More signs have emerged testifying to the severity of China’s financial woes. Local governments seem to have become so cash-strapped that they have resorted to paying their bills with unfinished and unbought apartments left by the nation’s ongoing property crisis.
This kind of barter constitutes a slide back into the sort of primitive economics usually associated with third-world economies. It speaks to how far China has fallen and how much Beijing needs to do to get back on an acceptable development path.
The origins of these problems are reasonably straightforward and should be familiar to regular readers of this column. Beijing planted the seeds of this mess with years of excessive promotion for residential real estate development. In the early stages of China’s development, this emphasis was appropriate. Still, Beijing continued with easy financing terms and support from local governments for too long after the country had caught up with its housing needs.
Because of Beijing’s lavish support, developers could offer attractive deals to potential homebuyers, driving up purchases, while developers took full advantage of the seemingly favorable situation by using debt to finance as much development as possible. At the same time, local governments, flush with revenues from booming land sales, also borrowed heavily to create as attractive a civic environment as possible.

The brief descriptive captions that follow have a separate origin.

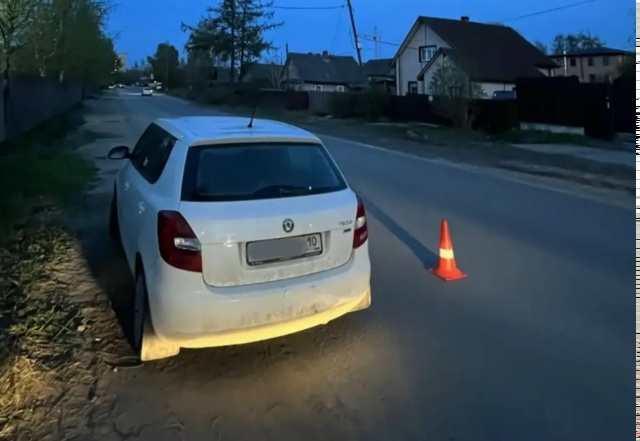 Ребенок попал под колеса иномарки в одном из районов Петрозаводска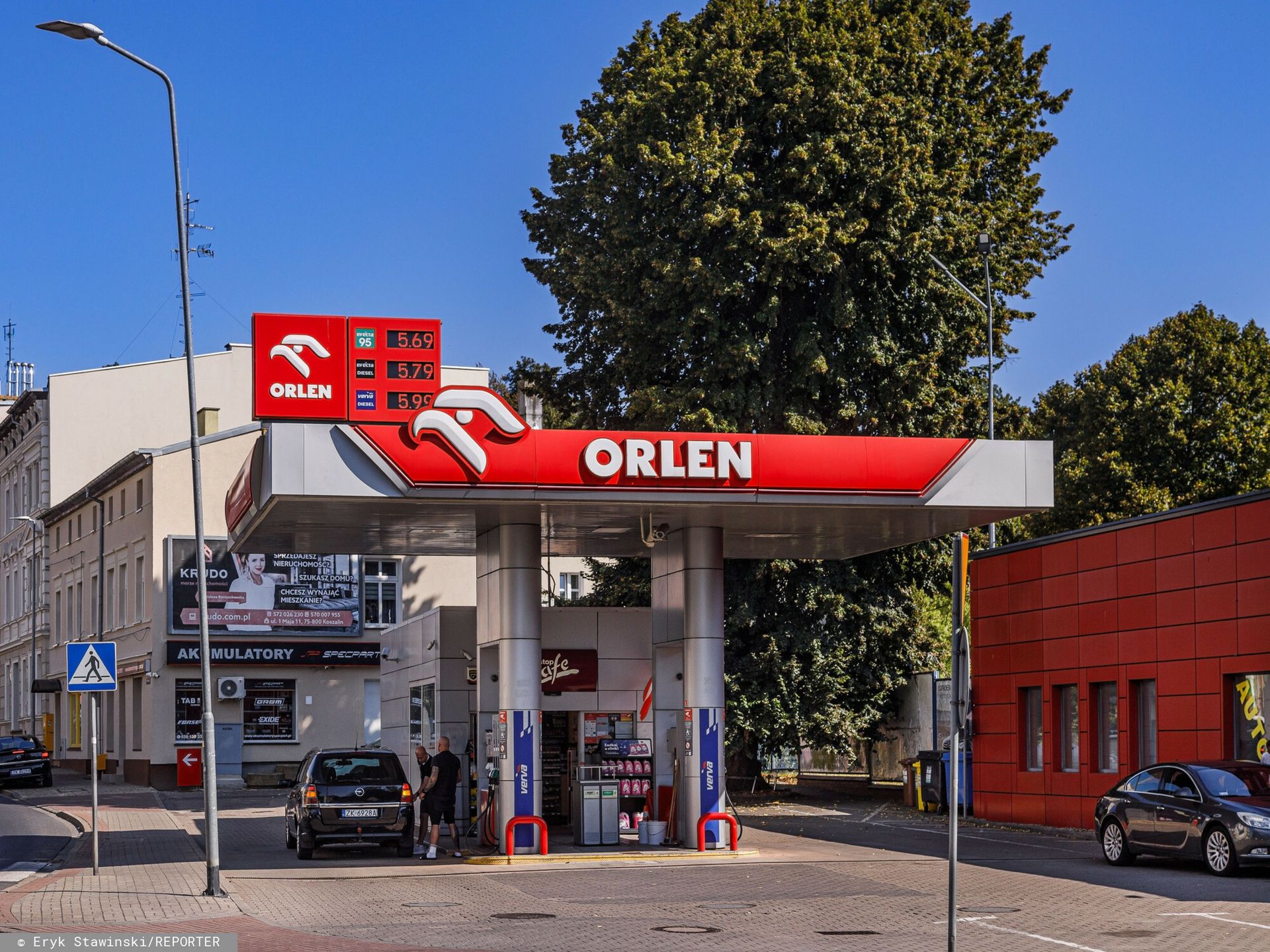 Takich sklepów w Czechach Orlen jeszcze nie miał. Działa całą dobę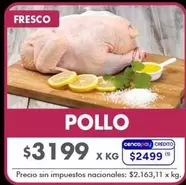 X$ - POLLO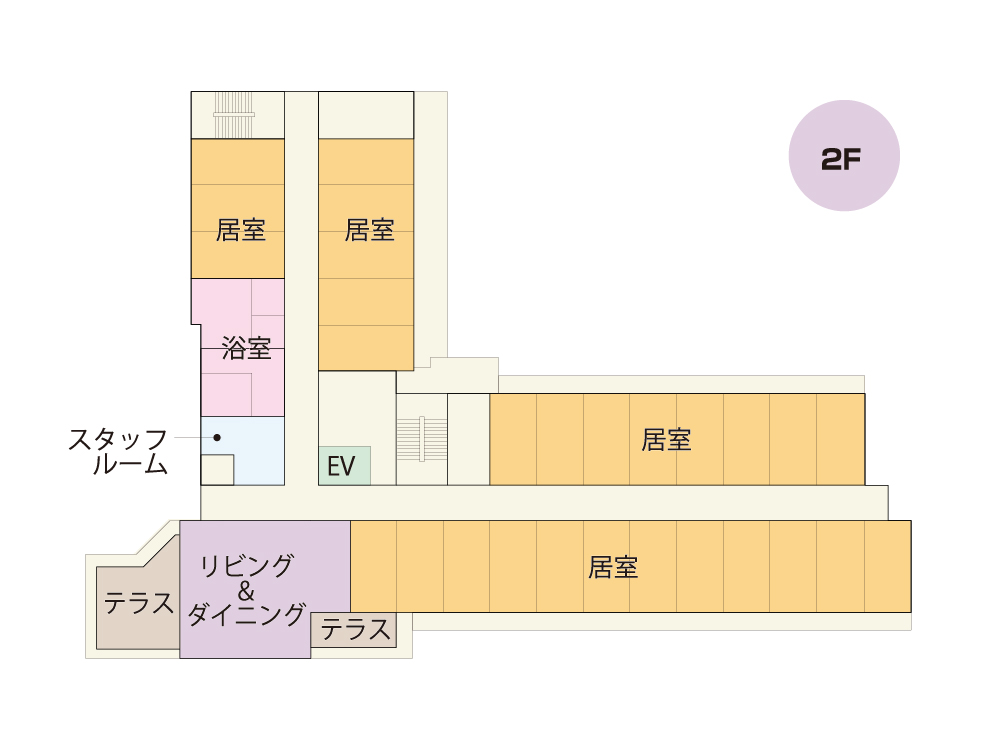 アースの介護付き有料老人ホームでらいと島田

At its height, real estate development in China rose to almost 25 percent of the economy. Since most developed economies seldom dedicate more than 5 percent of their gross domestic product (GDP) to real estate development, the figure itself speaks to how far matters have gone.

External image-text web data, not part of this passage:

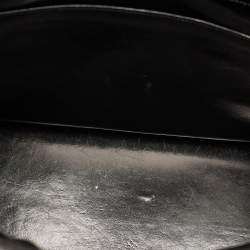 مملوكة مسبقًا حقيبة هيرمس كيلي سيلير 35 جلد تمساح أسود إكسسوار مطلي ذهبي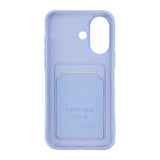 iPhone 16 Cover Kortholder Lilla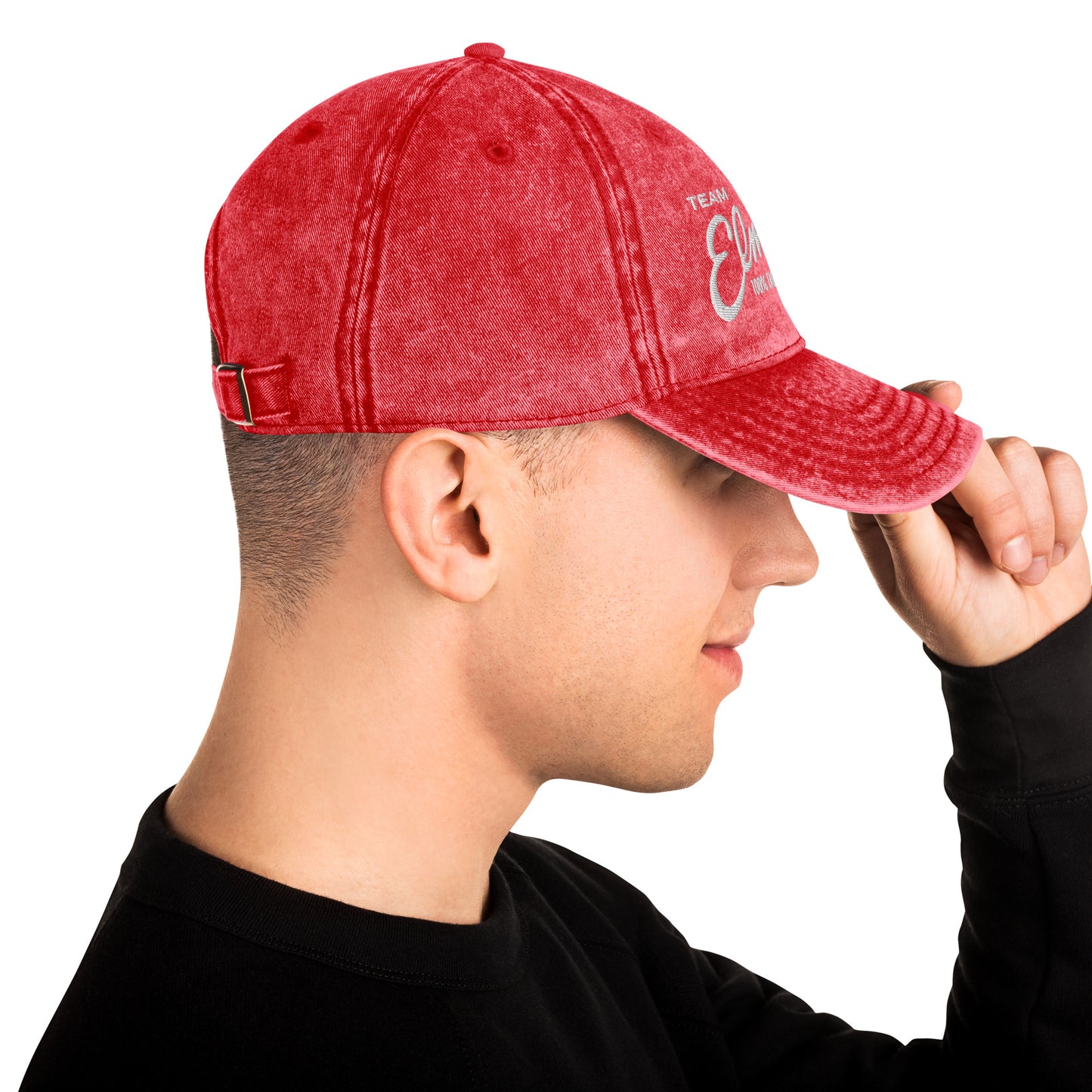 Team Elmer's Vintage Cotton Twill Cap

In 2019, as Beijing’s planners began to realize how excessive residential development had become, they abruptly withdrew the earlier support. And since they gave little or no warning of the change, neither developers nor local governments had time to adjust.
Developers showed the damage first. They began to fail. The first signs of the unfolding disaster arrived in 2021 when the huge property developer Evergrande announced that it could not meet the equivalent of some $300 billion in obligations. A number of other such failures followed.
Not surprisingly, construction activity stalled, and so did the pace of homebuying. The financial system suffered from the volume of unpaid debt, especially since, at the same time as the developers were failing, Chinese households that had pre-purchased from property developers could no longer complete their payments and refused to fulfill their mortgage obligations. And because Beijing refused to implement policies to mitigate these financial strains, they only got worse.
In the absence of cash to pay their bills, developers and local governments have resorted to the only thing they have in abundance to pay their bills: unfinished and unoccupied apartments. Three examples should give a sense of what is happening.
Changi City has discharged the equivalent of $25 million in unpaid gas bills to Xinjiang East Universe Gas with some 260 unfinished apartments in what was originally planned as a luxury housing development.
Shanghai Urban Architecture Design has taken 115 apartments to settle the equivalent of some $10 million it was due.
Police departments in Dejiang, Yuping, and Sinan have settled the equivalent of some $10 million owned to a software developer with the transfer of apartments from a failed property developer.
Praise for imagination is due to these people. Still, their resort to what has effectively become a barter economy should give a sense of how severe the problems of Chinese economics and finance have become. Beijing might have headed these problems off by acting promptly at the first signs of failure, but as it was, the authorities took no action until late 2023, fully two years after Evergrande collapsed.
What they have done since has done little to arrest a crisis that has had so much time to build in the interim.